A Texas woman was sentenced on Friday for trying to hire someone to kill her then-boyfriend’s sister, who owed her money. The person she thought would carry out the hit turned out to be an undercover cop.
Angelica Navarro-DePaz, 44, must spend 20 years in prison after jurors heard her orders to carry out a murder. She reportedly will be eligible for parole after serving a quarter of the sentence.
“I don’t care how she dies,” Navarro-DePaz said in a recording, according to The San Antonio Express-News. “Snatch her, slit her throat, do whatever.”
Authorities said the defendant was targeting Anayeli Mendoza Flores. Flores reportedly owed $40,000 after Navarro-DePaz snuck her into the United States.
To get the murder plot in motion, Navarro-DePaz made a $850 down payment of a $1,700 total price, authorities said.
But Navarro-DePaz took the stand in her own defense. She asserted she was the real victim in all of this. Yes, that was her voice on the incriminating recording, but what she did was done under duress, according to Navarro-DePaz’s version of events. She and her children faced threats from a woman identified as “Katie,” the confidential informant for authorities.
Katie isn’t around to speak on her own behalf. She died in 2021, according to KSAT.
As far as Navarro-DePaz was concerned, however, Katie and Flores belonged to the same criminal group. Facing threats against her and her children’s lives, Navarro-DePaz approached the undercover officer and spoke to him as scripted by Katie, according to this version of events.
Flores testified to never meeting Katie, according to KSAT.
Navarro-DePaz’s reportedly estranged husband Jose DePaz backed up the defense’s story, but his testimony broke down in dramatic fashion. He maintained that Katie and Flores came to his business to threaten his wife and children. Prosecutors reportedly objected to this as hearsay.
Judge Melisa Skinner cleared jurors out of the courtroom as Jose DePaz acted emotionally and kept talking over the state.
“My kids are in danger,” he said through a translator. “I have an opportunity to talk and I have to say they are in danger.”
At one point, DePaz appeared to be crying as he got out of his chair and seemed to kneel on the witness stand.

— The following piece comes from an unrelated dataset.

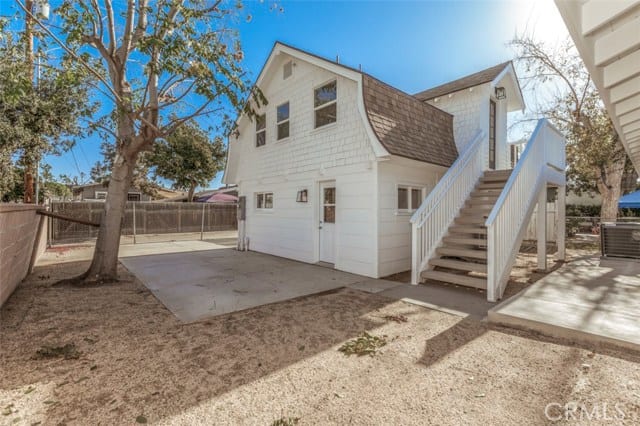 542 South Clementine Street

Jurors ultimately did not buy the defense’s story and convicted Navarro-DePaz on Wednesday of solicitation of capital murder.
Prosecutor Nicole Phillips worked to discredit Navarro-DePaz’s story.
“She’s had five years to think of this story and come up with the lies she has told you,” she said during closing arguments on Wednesday.
The defense maintained that Navarro-DePaz never wanted to carry out the hit, and that there is no proof showing that she did.
At the time of her arrest, police maintained they had more than just her words to use against her. They had evidence of the specific steps she took to get the killing done.
“When you get a case like this, you’ve got to determine how credible it is,” San Antonio police Sgt. Jesse Salame said in an Aug. 16, 2017 report. “People say things sometimes and just saying that alone is not enough to do anything about it. It’s when you start to make arrangements and you start to exchange money and take those other steps to make this happen. That’s when we are able to prove the case and that allows us to make an arrest.”
Bexar County District Attorney Joe Gonzales said on Friday that his office believes Navarro-DePaz has received “a reasonable and just punishment.”
“I do hope that the victim in this case is able to rest at peace tonight knowing that the person who victimized her for all this time, the person who did this to her will be behind bars for the next 20 years,” Phillips said.